The new paper covers many different topics about data publishing. One point of this is how to cite data properly. A last post has shown that there are some points, which are special for data publishing. How databases can be cited is still a problem and I try in this post to highlight them.
Citing data was developed in the past years on the basis of the unique identifier DOI. It allows to reach a dataset in a fixed form, which is identical to the one, which was published by the data authors. It is more or less guaranteed that metadata is available and so that it can be used for example in journal papers to directly cite the dataset instead of a journal paper which has used it. So far the developments are quite positive and it seems to be possible that one day data publications reaches the same acceptance as journal papers.
Basis of this is the creation of credit for the original data authors. They invest more time in the metadata and the documentation of the dataset and for this they get something measurable, which helps them to reach acceptance in the scientific community. Basically, this it how it works with journal articles and their citation and this how ideally it might work for datasets. I have shown in the past that there are ways to make this happen, by including peer review into the data publication process.
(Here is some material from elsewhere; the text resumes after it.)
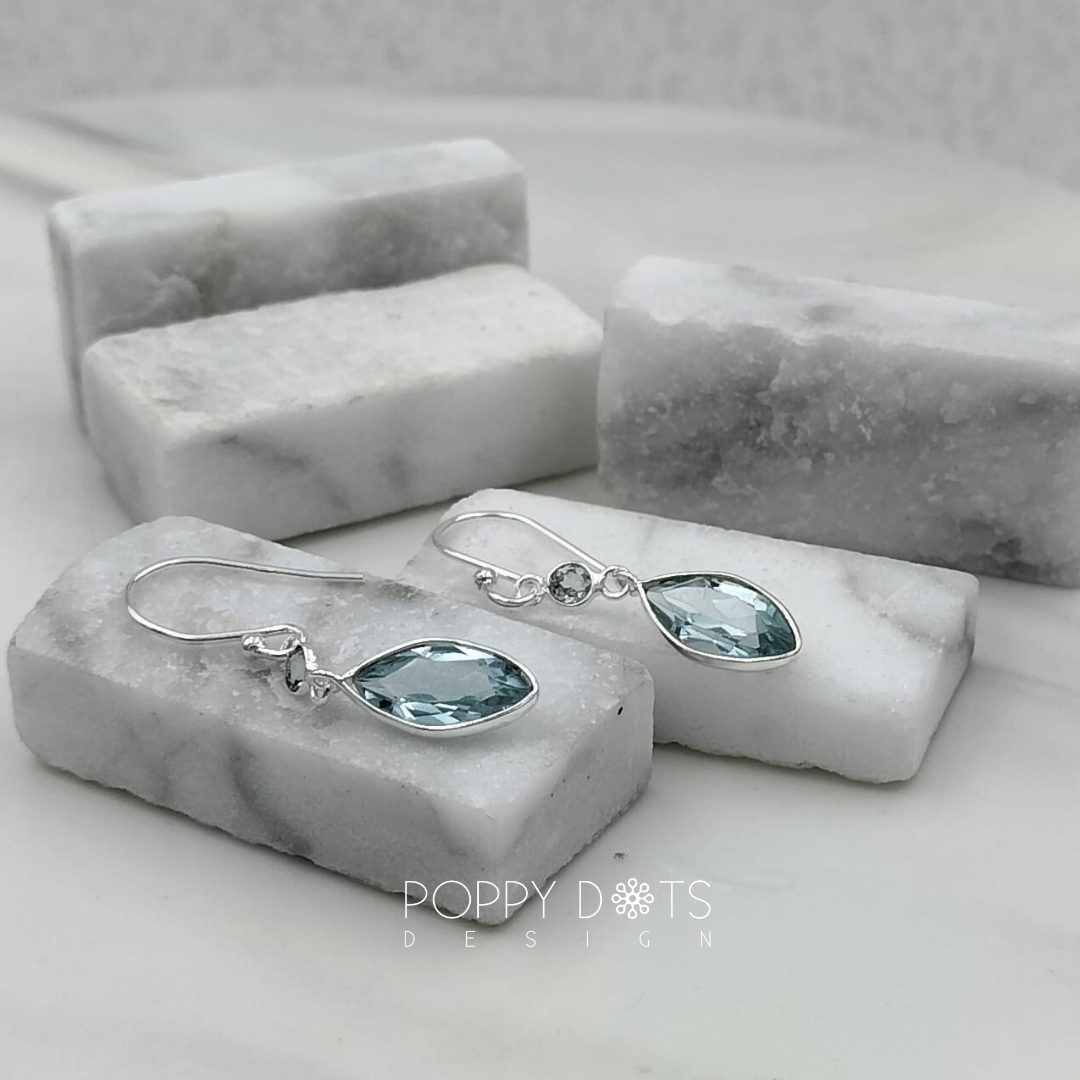 Sterling Silver Blue Topaz Marquise Drop Earrings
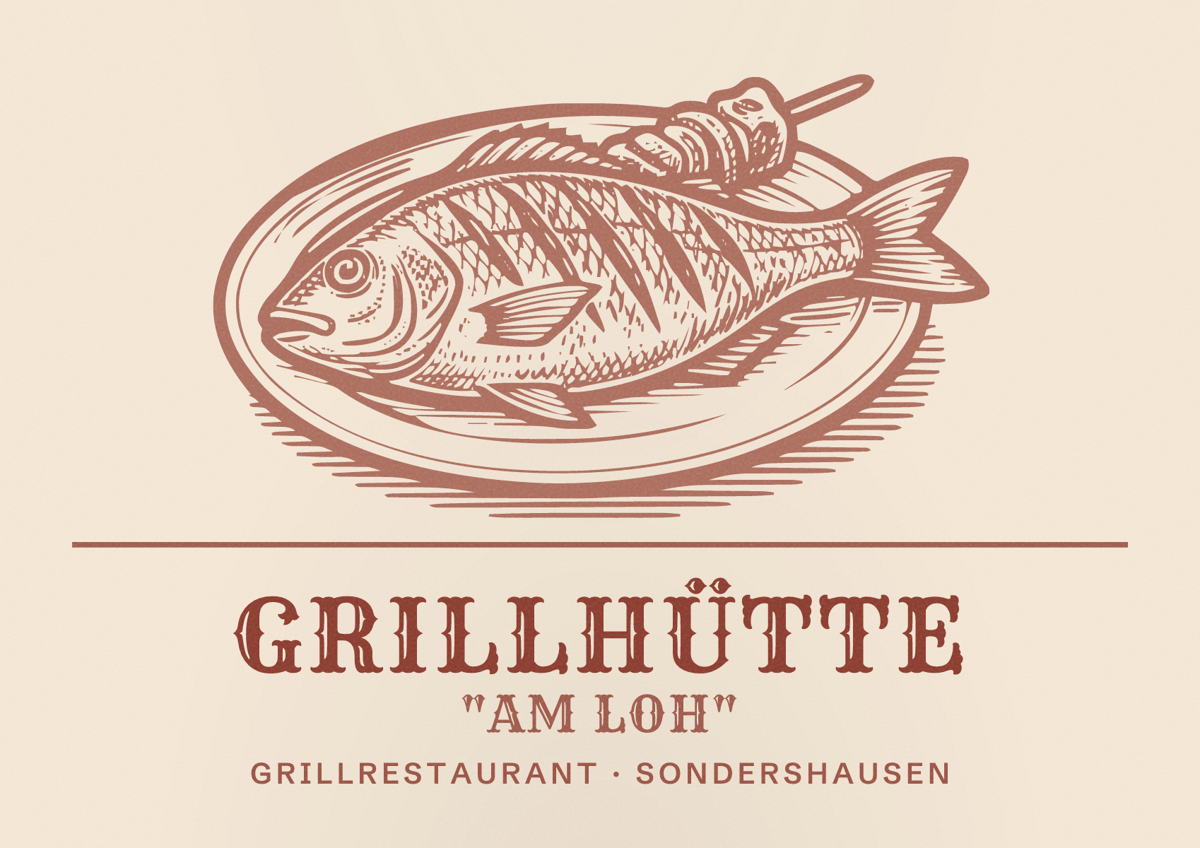 Illustriertes Poster von Grillhütte "Am Loh", Grillrestaurant in Sondershausen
Nevertheless, databases pose completely different problems and are so risking this framework to work properly.
To understand that I have to explain the most common used metric for citations, and with this the basis for giving credit to another scientist. The currency in science are citations of others researchers research output. To make the quality of one researcher measurable with just one number, many different approaches have been introduced, but the most common one is the H-index. It basically works like this: The number represents the number of articles, which have the number of citations equal to that number. So when you have five articles, which have at least five citations, but not six articles with at least six citations, you got an H-Index of five. The aim is to bring researchers to a point where they produce not just a few articles with high recognition, but many articles with at least some recognition.
So it is really about getting as many citations for as many different research outputs as possible. The criticism on this goes often in the way that it does not account which place you have in the author list or that it is unfairly biased towards a large width of at least acceptable articles instead of few exceptional ones. So it is a lot about its interpretation.
Now we come to databases, which ideally collect data from many different data publications. Of course, we assume that the database would cite these original publications and so fulfils best practice. So each of the originals might get one citation and that is fine. The problem comes now into the play when new publications come out basing on the data from the database. It would probably then cite the database as its source and so the authors of it gets the credit they deserve. Unfortunately, the original data publications do not get cited in this case, because they are not the direct source anymore. So anyone who did the work in the field, they have to fear that with the introduction of a database covering their work, they lose all the future deserved credit for their work.
How can we assume that under this condition scientist will be happy to provide data, when they do not get anything anymore for it afterwards? This system would be unfair and it basically comes down to the flaws in the H-Index. When it would not just count the direct citations, but also indirect “second level” citations, it would be hand-able. I have certainly ideas how to calculate better indices, unfortunately I do not have the data for a case study. But unless we do not overcome this issue, database creation poses a risk to the currently established ways to pay its scientists with the recognised credit for their good work. I am certainly not the first one who raises this issue, but I have to re-stress it again and again: As such, the H-index is not an appropriate measure to apply to research datasets.